Consider yourself warned. AFP is reporting that ahead of next week’s British general election the government of Ireland has initiated an unprecedented campaign to caution their nearest neighbour and biggest trading partner against leaving the European Union. The move is said to be have been prompted by David Cameron’s manifesto pledge to hold a referendum on membership of the EU in 2017.
Simon Harris, the Minister of State at the Department of Finance, spoke favourably of the United Kingdom’s impact on the EU saying that “a European Union with Britain in it is a stronger European Union,” but also spoke from his own national perspective adding, “but it’s also a better European Union for Ireland.”
Of particular concern is the risk to Ireland’s economy as it continues to recover from the devastating property crash of 2008. Although now a growing economy, the unemployment rate in Ireland is still 9.9 percent and government debt remains very high.

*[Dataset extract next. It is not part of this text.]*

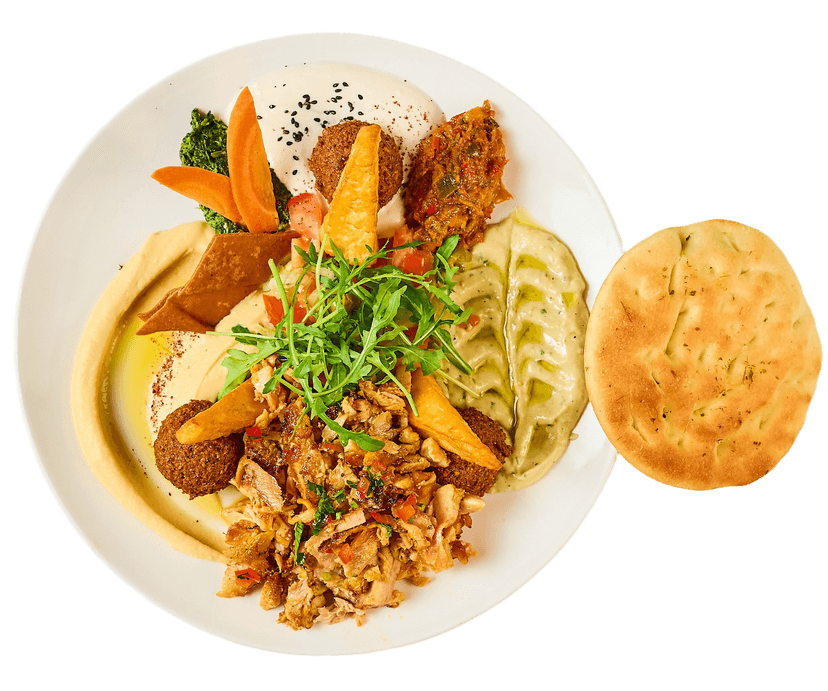 Baraka gemischte arabische Platte mit Falafel, Halloumi, Hummus und Hähnchenschawarma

It is feared that the close economic ties Ireland shares with the UK would be damaged in the event of a British withdrawal from the EU.
In its recent publication “Britain and Europe: The Endgame – An Irish Perspective” the Institute of International and European Affairs warned of the economic impact. With huge food and drink exports to the UK sold by businesses employing nearly 200,000 people in Ireland, the Dublin-based think tank predicts a reduction in Irish exports of 3.6 per cent if trade barriers are erected between Britain and the EU.
Speaking at the recent launch of the book Charlie Flanagan, the Irish Minister for Foreign Affairs and Trade, acknowledged the “serious concerns” of British voters regarding EU membership but added that “the Brexit ship has certainly not sailed. Far from it. That belief is why the Government is focussed on working hard to keep the UK anchored in the Union.” He concluded:
“We should never forget just how remarkably successful the European Union project has been. That is why keeping the EU intact, with the UK at the centre of it, is really worth fighting tooth and nail for.”
Although his government did not intervene over last year’s referendum confirming Scotland’s position within the United Kingdom, the Ambassador of Ireland to Great Britain, Dan Mulhall, told AFP that he is now compelled to act, saying:
“There is concern in Dublin. Ireland is the country that would be most affected by a British exit from the EU, apart from Britain itself. Whenever I have the opportunity I will make the point.”
Ireland has itself held two referendums on its relations with the EU within the last decade. Having initially rejected the ratification of the Treaty of Lisbon in a 2008 vote, the Irish electorate then permitted it when the question was put for a second time in 2009.